EXERCISE REQUIREMENTS.
Using the listing below, give again exactly the lines from the line with "Una piscina al" to the line with "7355 N Pacific", inclusive, without the pictures.

RECORDS TO USE.
================

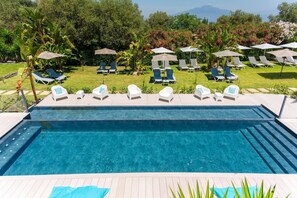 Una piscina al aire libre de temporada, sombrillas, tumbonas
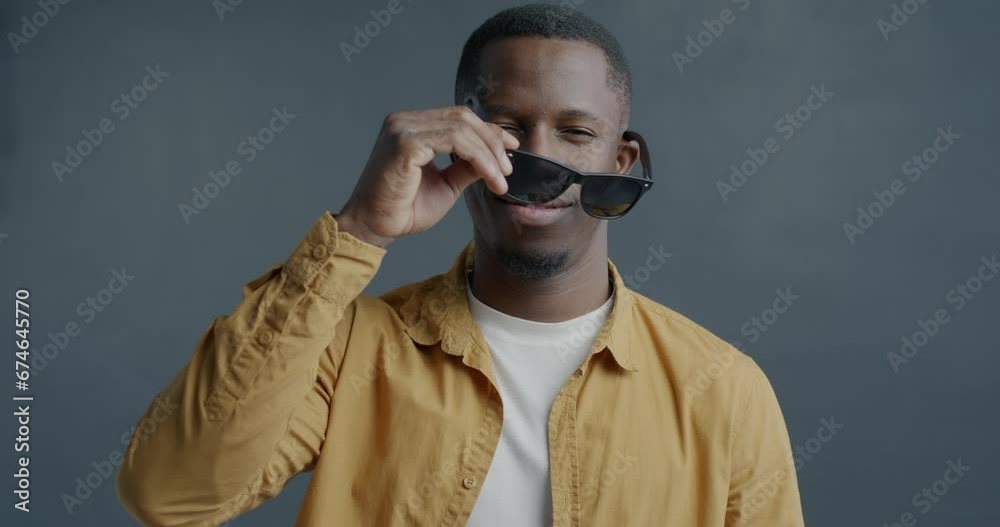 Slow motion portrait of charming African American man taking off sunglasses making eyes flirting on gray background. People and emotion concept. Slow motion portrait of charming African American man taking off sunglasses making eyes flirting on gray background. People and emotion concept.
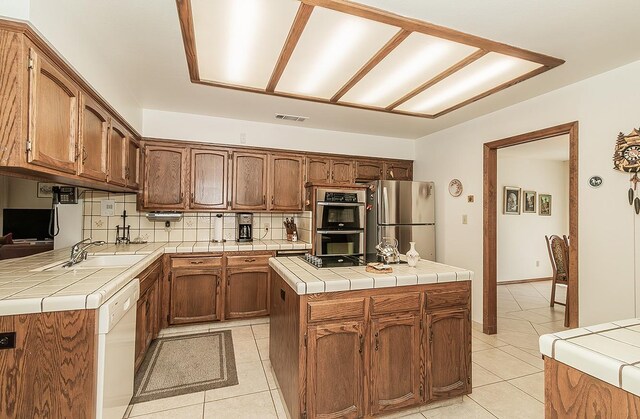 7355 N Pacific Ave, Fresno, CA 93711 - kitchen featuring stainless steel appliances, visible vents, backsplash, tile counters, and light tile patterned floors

================

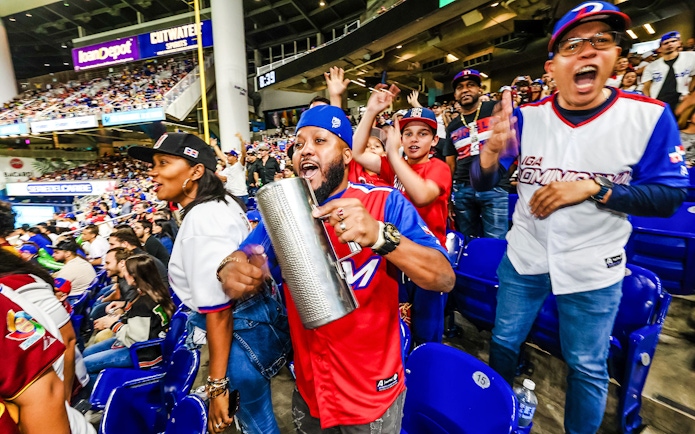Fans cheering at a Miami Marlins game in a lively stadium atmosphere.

================

PROBLEM SOLUTION.
 Una piscina al aire libre de temporada, sombrillas, tumbonas
 Slow motion portrait of charming African American man taking off sunglasses making eyes flirting on gray background. People and emotion concept. Slow motion portrait of charming African American man taking off sunglasses making eyes flirting on gray background. People and emotion concept.
 7355 N Pacific Ave, Fresno, CA 93711 - kitchen featuring stainless steel appliances, visible vents, backsplash, tile counters, and light tile patterned floors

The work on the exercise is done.